[rescue] Vesa Local Bus video cards

Joshua D. Boyd jdboyd at celestrion.celestrion.net
Mon Mar 31 21:41:45 CST 2003


On Mon, Mar 31, 2003 at 05:08:52PM -0800, Francisco Javier Mesa-Martinez wrote:

> I think EISA came before VLB, VLB was never inteded to replace EISA, in
> fact I have seen EISA/VLB motherboards. It was just a way of having a fast
> pipe to graphics boards, since both EISA and ISA could choke with some of
> the datarates needed for full resolution 24bit imaginery. Think of the VLB
> as the yesteryear's AGP. I think the only other boards that I have seen
> employin the VLB standard were SCSI adapters....
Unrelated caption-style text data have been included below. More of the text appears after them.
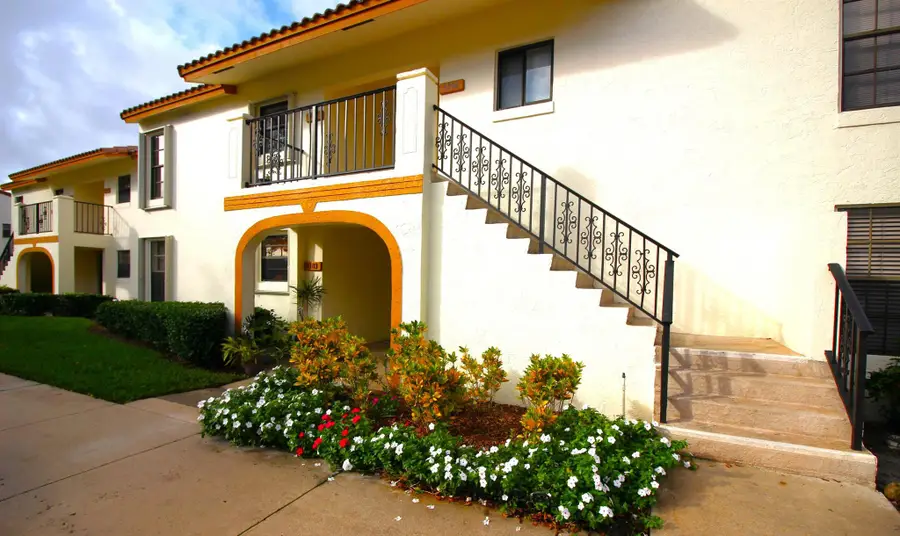 2900 Olivewood Terrace #203, Boca Raton, FL 33431 - Image #2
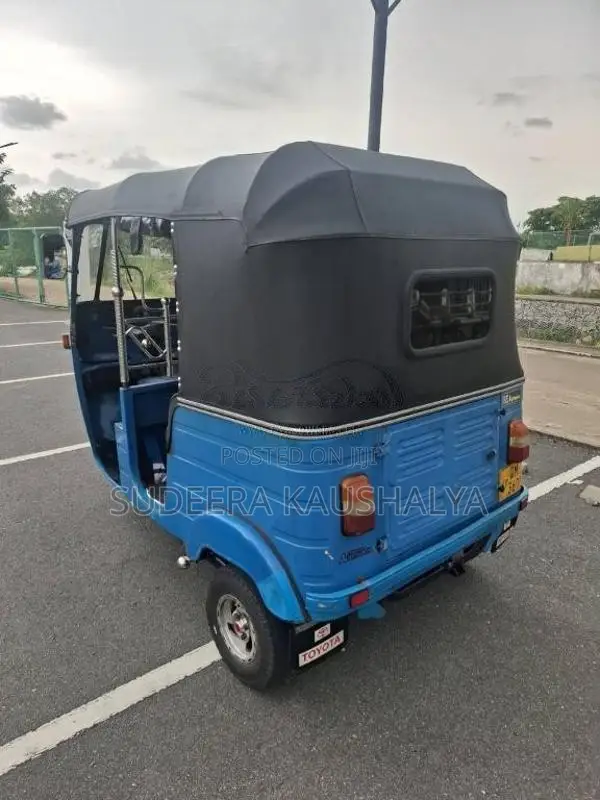 Bajaj 4 Stroke 2008 Three Wheel (Used)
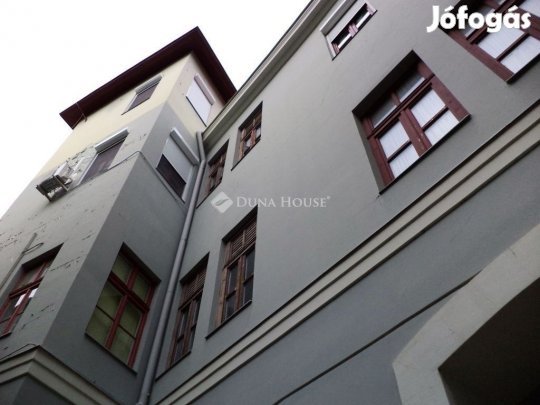 Székesfehérvári eladó 146 nm-es lakás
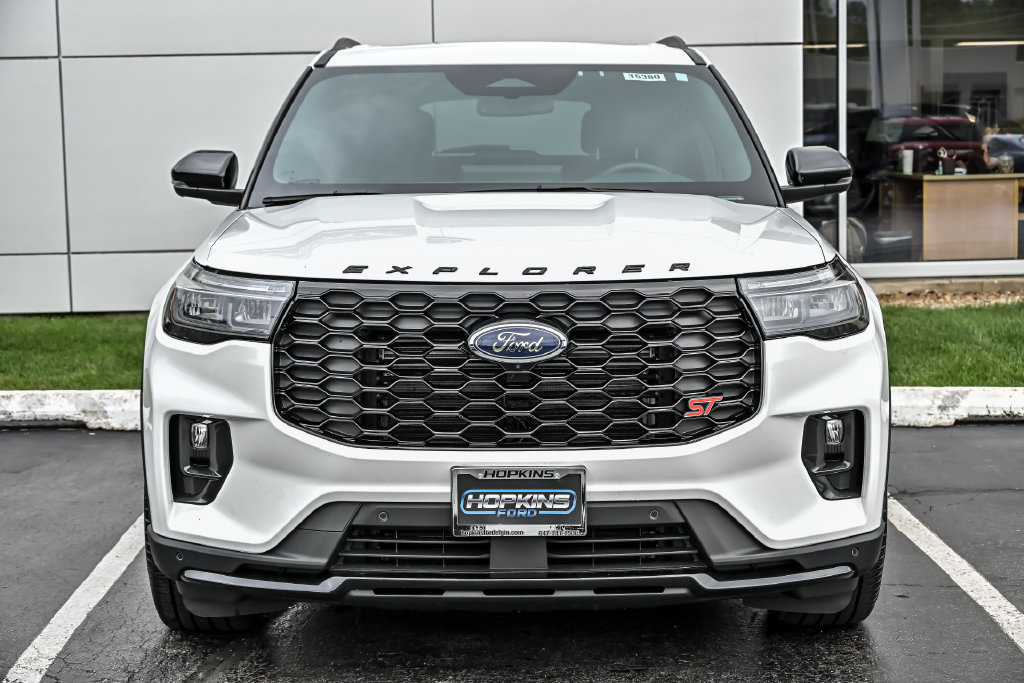 Certified 2025 Ford Explorer ST w/ Sun And Sound Package AWD/4WD image 4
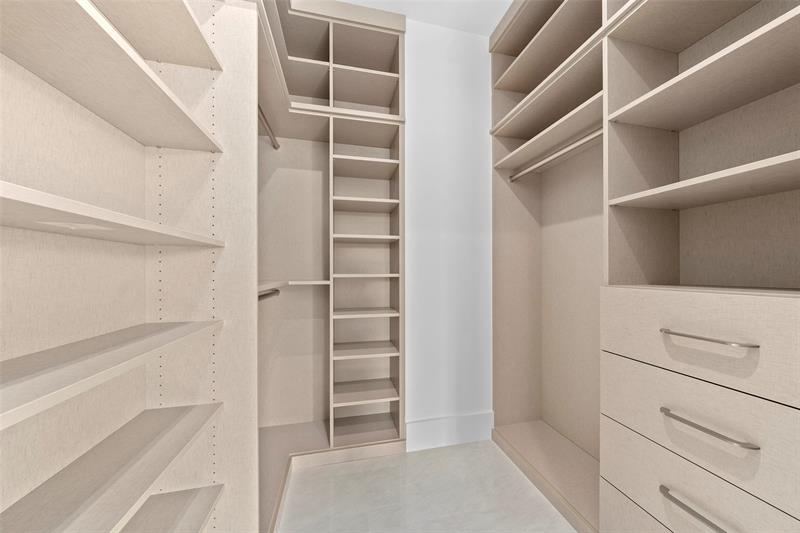 Image 50 of 87 For 24 Fiesta Way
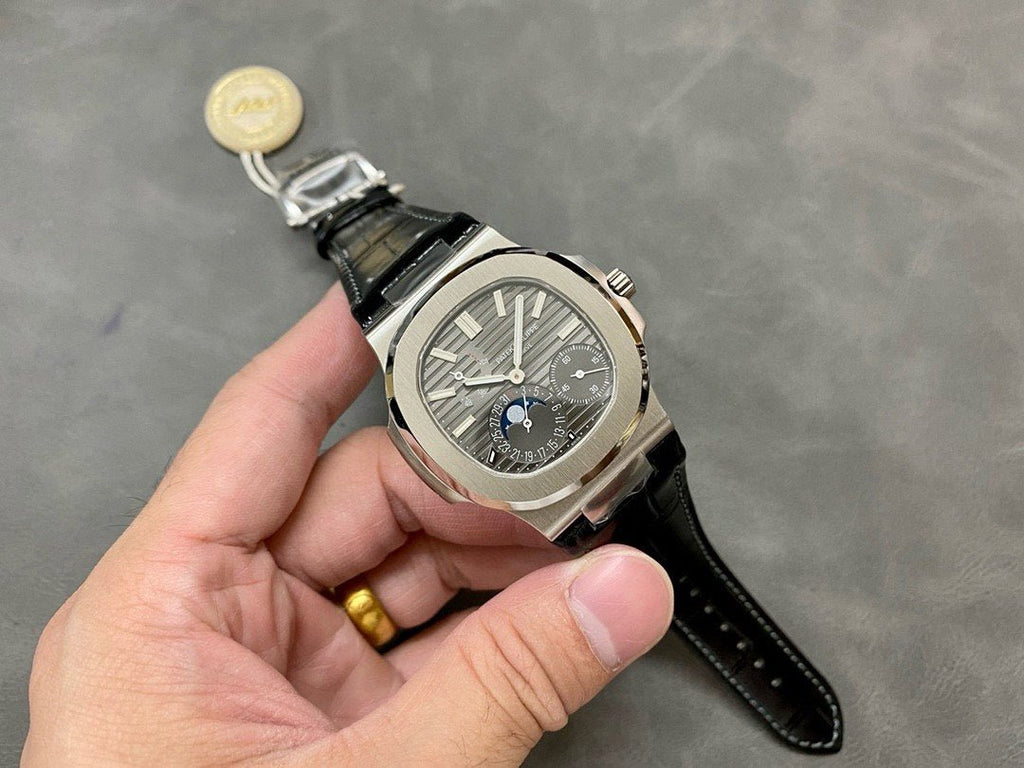 Patek Philippe Watch Nautilus 5712 Gray Dial Leather Strap 40mm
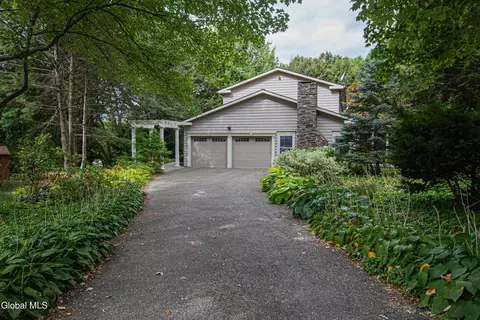 6 Ichabod Ln, Albany, NY 12211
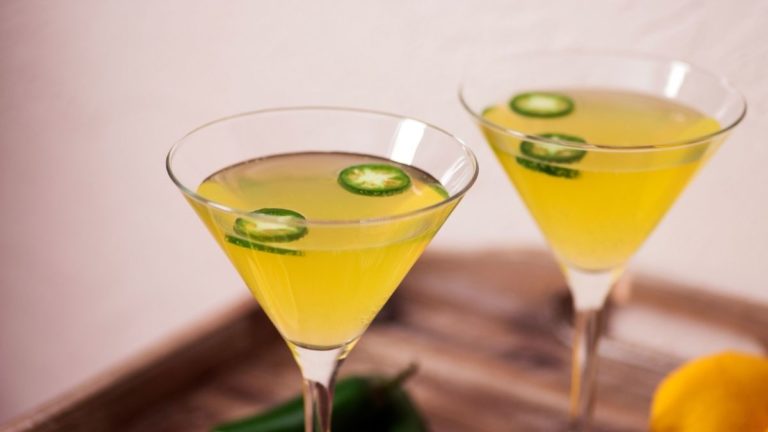 10 Deliciously Fun Mango Cocktails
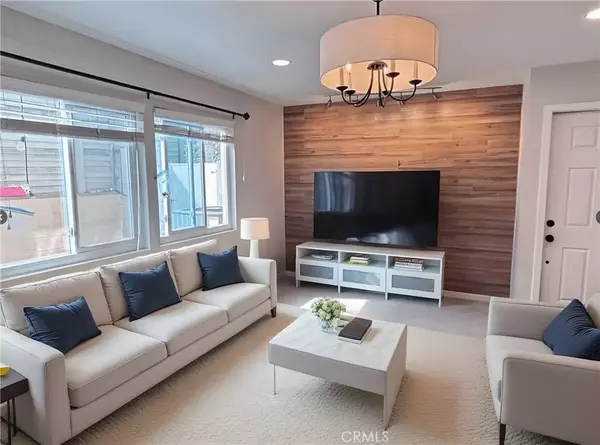 Pico Rivera, CA 90660,9900 Tagus #30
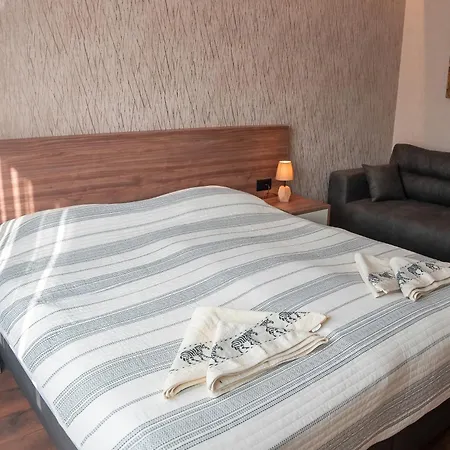 La * Skopje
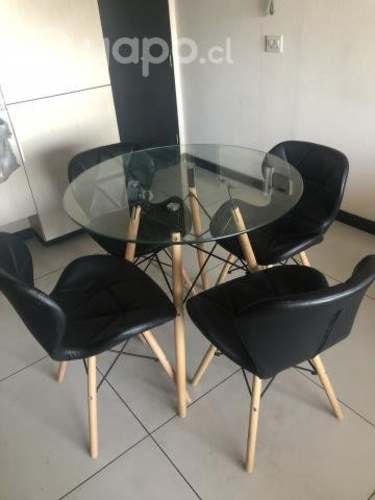 <p>Comedor Madrid + 4 Sillas Mariposa Tulip Negras</p>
Politically/socially AGP may be the VLB of today.  But AGP is derived
from PCI with a faster pipe into memory.  It isn't a tap onto the CPU
bus to my understanding.  I'm not sure why people don't focus on pushing
the PCI standard instead of pushing AGP.  I mean, several manufactors
make or made boards with mostly PCI33/32 but one or two PCI64/66 slots,
and PCI 64/66 was about the same speed as the first 2 or 3 generations
of AGP, so why not keep pushing PCI faster and still only provide one or
two really good slots and a lot of slower ones?  Isn't modern AGP just
pushing the clock rate faster over the older generations?  I realize
that a few generations worked a new feature in, but aren't most of them
just a clock bump?  That I'm less clear on.